Alors que les mois de janvier et février, corrigés de la saisonnalité, menaient à une estimation de la collecte annuelle aux alentours de 130Mds€, le mois de mars marque donc une baisse de 25% par rapport à cet objectif, et donc un effet confinement à 50%. En limitant cet effet au confinement strict ou en le prolongeant sur l’année (baisse durable), cela amènerait donc à un montant de collecte sur l’année compris entre 123Mds€ et 81Mds€, contre 144,6Mds€ en 2019 (respectivement -15% et -45%). Cependant, l’incertitude reste élevée sur le scénario économique de reprise.

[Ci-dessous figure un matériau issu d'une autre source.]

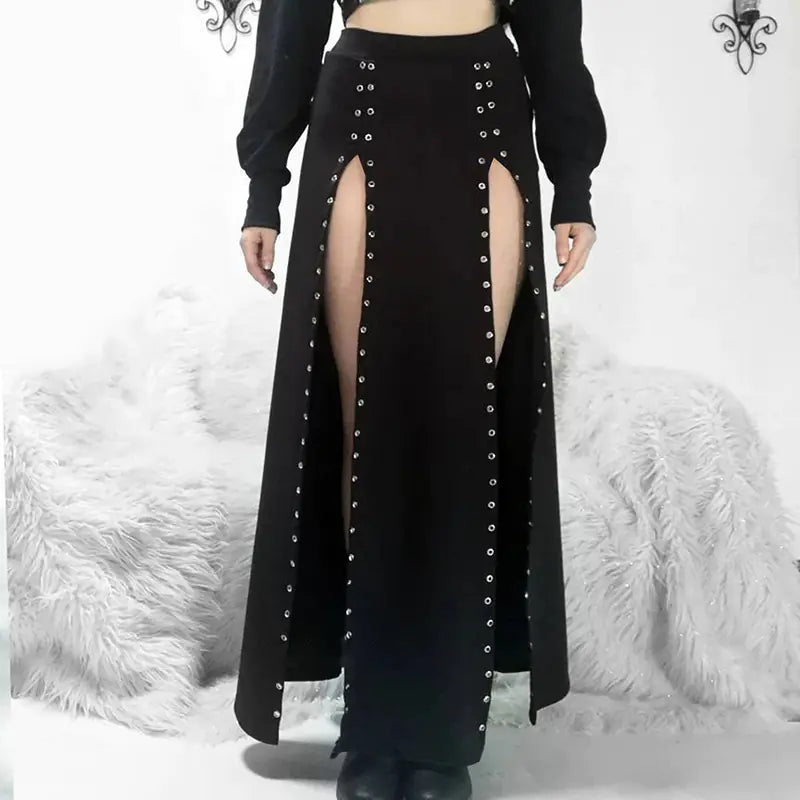 A high-waist mid-length black skirt with rivet and slit design, paired with a black top and displayed in front of a white furry background.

À noter, l’effet n’est pas qu’exogène : certains réseaux commerciaux réduisent aussi les souscriptions, que ce soit pour des raisons de disponibilités (impossibilité de se déplacer en agence, difficulté de souscription à distance) ou des décisions internes en période d’incertitude sur les marchés.

Des prestations qui continuent leur hausse

Les prestations pour mars 2020 sont estimées à 11,2Mds€, soit une hausse de 12% par rapport à mars 2019. Là encore, il s’agit d’une accélération de la tendance, les mois de janvier et février ayant vu des augmentations respectives de 7% et 4% par rapport aux mêmes dates de 2019.

Le différentiel laisse donc apparaître une décollecte nette estimée de 2,2Mds€ en mars 2020. Seuls trois mois avaient connu une décollecte nette depuis 2015 (septembre 2016, novembre 2017 et décembre 2018), pour un montant cumulé de 1,5Mds€.

A l’instar des cotisations, les prestations sont soumises à plusieurs forces contraires : les moindres revenus pourront nécessiter la mobilisation de l’épargne pour certains coûts récurrents, tout comme les situations de chômage ou la liquidation judiciaire pour les activités non salariées pourront libérer les sommes placées sur des contrats de retraite.

A contrario, même si l’Ordonnance n°2020-306 du 25 mars 2020 permettra d’étaler dans le temps certaines démarches liées aux achats immobiliers, ceux-ci devraient être en baisse : en plus de l’incertitude générale, peu propice aux investissements importants, la fermeture au moins partielle des agences immobilières et des offices notariaux tend le marché. De même, le secteur automobile est fortement touché : les immatriculations de flottes ont reculé de plus de 80% en avril et Renault anticipe une baisse de 20% des ventes sur l’ensemble de l’année 2020.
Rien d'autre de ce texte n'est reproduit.